┌─ Extracted material

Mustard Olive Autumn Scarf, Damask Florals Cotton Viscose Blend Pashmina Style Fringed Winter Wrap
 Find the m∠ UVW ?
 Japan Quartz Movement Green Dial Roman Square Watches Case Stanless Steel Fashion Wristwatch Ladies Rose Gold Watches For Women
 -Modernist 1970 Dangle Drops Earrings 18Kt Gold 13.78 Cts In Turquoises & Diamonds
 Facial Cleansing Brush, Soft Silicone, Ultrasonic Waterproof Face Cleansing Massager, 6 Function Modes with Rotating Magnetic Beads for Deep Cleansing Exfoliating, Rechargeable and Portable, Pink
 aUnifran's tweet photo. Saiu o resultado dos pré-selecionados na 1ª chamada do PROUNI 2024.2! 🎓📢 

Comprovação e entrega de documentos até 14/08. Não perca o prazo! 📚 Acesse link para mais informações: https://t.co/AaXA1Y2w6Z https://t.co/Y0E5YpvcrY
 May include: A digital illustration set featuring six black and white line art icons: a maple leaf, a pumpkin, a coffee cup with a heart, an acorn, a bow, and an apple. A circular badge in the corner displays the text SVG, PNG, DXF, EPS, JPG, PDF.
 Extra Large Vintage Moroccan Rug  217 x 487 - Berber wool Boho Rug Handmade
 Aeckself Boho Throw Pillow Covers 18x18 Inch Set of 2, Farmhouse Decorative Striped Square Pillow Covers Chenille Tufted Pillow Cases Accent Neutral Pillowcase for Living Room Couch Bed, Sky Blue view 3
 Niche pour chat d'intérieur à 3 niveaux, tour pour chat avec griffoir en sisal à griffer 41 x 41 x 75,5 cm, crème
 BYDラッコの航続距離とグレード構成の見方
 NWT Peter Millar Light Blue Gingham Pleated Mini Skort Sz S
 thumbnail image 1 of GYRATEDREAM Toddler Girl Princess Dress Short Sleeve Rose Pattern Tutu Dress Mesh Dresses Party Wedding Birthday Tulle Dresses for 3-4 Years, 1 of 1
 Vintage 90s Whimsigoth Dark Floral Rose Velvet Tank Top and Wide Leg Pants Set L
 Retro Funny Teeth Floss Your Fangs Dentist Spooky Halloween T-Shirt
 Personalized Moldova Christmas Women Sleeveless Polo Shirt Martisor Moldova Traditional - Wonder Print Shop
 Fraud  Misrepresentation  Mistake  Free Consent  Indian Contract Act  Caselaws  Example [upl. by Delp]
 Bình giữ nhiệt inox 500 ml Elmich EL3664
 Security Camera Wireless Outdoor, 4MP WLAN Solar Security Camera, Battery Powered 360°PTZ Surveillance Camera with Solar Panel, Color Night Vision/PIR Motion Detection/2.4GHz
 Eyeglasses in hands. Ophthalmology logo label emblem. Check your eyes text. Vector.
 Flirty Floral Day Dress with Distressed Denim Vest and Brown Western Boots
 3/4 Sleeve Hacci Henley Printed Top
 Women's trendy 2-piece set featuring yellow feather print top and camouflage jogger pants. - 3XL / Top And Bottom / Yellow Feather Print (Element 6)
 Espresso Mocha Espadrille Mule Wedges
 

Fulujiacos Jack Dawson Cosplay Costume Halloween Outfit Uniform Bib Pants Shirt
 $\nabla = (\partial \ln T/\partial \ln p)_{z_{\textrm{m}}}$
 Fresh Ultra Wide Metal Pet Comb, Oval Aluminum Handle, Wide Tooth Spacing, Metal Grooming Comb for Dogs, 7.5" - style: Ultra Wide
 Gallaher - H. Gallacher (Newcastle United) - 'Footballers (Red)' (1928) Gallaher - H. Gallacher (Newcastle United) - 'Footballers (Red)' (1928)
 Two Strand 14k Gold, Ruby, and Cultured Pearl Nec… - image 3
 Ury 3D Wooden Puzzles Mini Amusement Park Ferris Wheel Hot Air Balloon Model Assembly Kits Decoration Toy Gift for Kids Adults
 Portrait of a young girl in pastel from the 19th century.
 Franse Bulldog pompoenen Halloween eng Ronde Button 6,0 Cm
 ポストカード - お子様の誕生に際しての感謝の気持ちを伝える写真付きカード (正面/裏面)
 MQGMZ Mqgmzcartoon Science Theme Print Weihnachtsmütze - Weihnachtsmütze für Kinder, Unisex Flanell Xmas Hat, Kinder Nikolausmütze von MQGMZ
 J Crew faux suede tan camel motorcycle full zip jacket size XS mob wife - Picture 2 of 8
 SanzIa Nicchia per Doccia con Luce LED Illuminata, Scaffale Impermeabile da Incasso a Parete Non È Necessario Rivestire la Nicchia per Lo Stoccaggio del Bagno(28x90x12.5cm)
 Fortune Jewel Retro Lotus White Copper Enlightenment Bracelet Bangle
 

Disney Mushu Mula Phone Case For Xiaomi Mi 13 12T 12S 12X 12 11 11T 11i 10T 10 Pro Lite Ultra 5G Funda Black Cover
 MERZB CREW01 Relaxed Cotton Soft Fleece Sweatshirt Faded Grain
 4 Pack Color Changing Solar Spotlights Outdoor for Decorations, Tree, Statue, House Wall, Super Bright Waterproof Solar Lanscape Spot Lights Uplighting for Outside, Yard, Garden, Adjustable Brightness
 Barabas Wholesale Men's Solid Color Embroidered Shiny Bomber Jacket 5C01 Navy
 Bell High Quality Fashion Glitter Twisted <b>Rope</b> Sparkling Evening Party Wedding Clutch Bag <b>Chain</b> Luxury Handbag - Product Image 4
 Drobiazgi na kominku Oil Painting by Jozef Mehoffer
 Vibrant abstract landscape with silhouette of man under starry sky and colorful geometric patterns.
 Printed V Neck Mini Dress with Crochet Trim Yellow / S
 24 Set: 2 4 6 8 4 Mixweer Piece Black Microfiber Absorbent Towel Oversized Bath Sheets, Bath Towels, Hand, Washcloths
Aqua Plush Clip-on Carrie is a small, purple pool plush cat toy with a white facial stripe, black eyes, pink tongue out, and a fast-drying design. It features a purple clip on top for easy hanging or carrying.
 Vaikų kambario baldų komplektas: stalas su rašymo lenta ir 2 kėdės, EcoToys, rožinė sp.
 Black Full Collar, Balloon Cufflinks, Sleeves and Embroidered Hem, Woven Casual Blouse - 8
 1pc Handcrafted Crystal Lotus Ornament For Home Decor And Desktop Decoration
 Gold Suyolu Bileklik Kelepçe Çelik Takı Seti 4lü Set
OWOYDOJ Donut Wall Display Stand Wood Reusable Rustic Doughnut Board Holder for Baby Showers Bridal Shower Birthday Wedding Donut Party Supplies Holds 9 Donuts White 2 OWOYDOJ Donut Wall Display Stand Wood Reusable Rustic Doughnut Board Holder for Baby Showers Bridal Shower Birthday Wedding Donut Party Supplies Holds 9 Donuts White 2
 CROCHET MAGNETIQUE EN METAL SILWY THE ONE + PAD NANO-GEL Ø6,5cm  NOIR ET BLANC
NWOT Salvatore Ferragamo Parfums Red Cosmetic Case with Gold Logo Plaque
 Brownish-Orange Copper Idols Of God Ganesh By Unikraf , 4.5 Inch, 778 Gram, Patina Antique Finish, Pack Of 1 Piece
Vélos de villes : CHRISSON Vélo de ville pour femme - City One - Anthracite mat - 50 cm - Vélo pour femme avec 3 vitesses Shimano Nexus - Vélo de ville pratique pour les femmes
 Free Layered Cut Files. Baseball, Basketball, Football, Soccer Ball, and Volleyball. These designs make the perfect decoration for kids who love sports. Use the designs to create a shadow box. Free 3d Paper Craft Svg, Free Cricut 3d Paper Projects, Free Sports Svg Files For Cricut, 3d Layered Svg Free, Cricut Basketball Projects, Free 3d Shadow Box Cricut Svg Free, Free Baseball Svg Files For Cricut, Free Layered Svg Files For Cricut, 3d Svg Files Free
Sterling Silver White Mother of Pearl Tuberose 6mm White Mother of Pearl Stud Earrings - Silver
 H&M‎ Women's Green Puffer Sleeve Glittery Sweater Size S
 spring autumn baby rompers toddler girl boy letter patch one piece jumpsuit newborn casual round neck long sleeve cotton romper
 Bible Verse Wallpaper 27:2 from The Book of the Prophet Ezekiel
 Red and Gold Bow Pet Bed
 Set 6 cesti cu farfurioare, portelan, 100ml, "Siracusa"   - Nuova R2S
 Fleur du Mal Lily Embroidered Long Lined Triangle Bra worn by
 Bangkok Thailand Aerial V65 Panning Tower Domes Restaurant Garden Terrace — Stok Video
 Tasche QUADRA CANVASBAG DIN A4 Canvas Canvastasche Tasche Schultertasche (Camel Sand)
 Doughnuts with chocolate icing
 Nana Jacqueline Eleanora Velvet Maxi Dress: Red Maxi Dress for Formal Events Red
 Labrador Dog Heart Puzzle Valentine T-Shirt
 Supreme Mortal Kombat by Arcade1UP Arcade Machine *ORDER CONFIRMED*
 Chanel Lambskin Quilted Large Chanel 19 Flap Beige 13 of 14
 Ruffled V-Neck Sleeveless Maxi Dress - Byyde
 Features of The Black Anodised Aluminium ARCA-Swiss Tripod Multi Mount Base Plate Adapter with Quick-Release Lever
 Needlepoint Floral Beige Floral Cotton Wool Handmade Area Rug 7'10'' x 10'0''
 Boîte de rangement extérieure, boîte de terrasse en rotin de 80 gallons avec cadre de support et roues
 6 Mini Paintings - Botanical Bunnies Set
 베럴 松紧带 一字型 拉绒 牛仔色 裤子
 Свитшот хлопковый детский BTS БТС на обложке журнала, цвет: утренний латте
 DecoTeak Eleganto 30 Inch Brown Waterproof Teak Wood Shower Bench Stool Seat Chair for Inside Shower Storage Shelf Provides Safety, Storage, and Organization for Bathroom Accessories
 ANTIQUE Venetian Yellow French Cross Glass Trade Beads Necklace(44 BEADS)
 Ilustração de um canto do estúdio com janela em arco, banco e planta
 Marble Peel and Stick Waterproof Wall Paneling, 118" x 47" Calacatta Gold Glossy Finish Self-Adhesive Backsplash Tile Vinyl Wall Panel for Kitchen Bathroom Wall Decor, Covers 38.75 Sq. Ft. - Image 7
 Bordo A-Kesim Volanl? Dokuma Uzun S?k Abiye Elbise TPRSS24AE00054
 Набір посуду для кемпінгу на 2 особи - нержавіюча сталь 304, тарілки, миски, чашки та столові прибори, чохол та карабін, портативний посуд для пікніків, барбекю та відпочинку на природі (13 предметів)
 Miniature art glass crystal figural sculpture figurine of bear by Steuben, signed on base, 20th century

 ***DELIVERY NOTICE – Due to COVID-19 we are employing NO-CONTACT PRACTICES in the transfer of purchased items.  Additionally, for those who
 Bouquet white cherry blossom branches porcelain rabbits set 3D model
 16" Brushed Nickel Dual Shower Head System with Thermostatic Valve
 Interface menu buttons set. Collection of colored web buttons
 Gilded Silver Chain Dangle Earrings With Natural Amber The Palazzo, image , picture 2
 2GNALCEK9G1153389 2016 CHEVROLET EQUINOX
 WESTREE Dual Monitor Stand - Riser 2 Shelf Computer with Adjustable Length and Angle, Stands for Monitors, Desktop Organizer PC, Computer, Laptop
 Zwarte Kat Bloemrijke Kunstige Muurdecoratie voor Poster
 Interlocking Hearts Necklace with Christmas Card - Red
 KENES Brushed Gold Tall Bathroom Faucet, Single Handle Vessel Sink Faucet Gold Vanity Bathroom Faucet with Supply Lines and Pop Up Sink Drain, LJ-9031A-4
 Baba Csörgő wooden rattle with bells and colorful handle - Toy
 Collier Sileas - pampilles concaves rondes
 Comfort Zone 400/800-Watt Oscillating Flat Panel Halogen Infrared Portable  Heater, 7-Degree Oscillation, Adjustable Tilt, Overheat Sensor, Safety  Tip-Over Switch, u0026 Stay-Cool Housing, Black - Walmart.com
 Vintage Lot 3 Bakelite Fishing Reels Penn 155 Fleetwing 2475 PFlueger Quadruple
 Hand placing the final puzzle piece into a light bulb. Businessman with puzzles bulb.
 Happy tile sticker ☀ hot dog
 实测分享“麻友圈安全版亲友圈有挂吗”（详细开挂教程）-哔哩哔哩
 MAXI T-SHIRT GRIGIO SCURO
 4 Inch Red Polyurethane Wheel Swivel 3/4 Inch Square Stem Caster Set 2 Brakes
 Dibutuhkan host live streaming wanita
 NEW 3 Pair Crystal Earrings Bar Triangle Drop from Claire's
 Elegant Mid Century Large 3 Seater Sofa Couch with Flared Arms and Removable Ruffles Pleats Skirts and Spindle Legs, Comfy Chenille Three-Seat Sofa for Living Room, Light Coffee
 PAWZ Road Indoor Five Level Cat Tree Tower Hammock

└─

- What the task requires: Go through the material above and output exactly the lines from the one containing "Comfort Zone 400/800-Watt" through the one containing "NEW 3 Pair Crystal".

- Reply to the task:
 Comfort Zone 400/800-Watt Oscillating Flat Panel Halogen Infrared Portable  Heater, 7-Degree Oscillation, Adjustable Tilt, Overheat Sensor, Safety  Tip-Over Switch, u0026 Stay-Cool Housing, Black - Walmart.com
 Vintage Lot 3 Bakelite Fishing Reels Penn 155 Fleetwing 2475 PFlueger Quadruple
 Hand placing the final puzzle piece into a light bulb. Businessman with puzzles bulb.
 Happy tile sticker ☀ hot dog
 实测分享“麻友圈安全版亲友圈有挂吗”（详细开挂教程）-哔哩哔哩
 MAXI T-SHIRT GRIGIO SCURO
 4 Inch Red Polyurethane Wheel Swivel 3/4 Inch Square Stem Caster Set 2 Brakes
 Dibutuhkan host live streaming wanita
 NEW 3 Pair Crystal Earrings Bar Triangle Drop from Claire's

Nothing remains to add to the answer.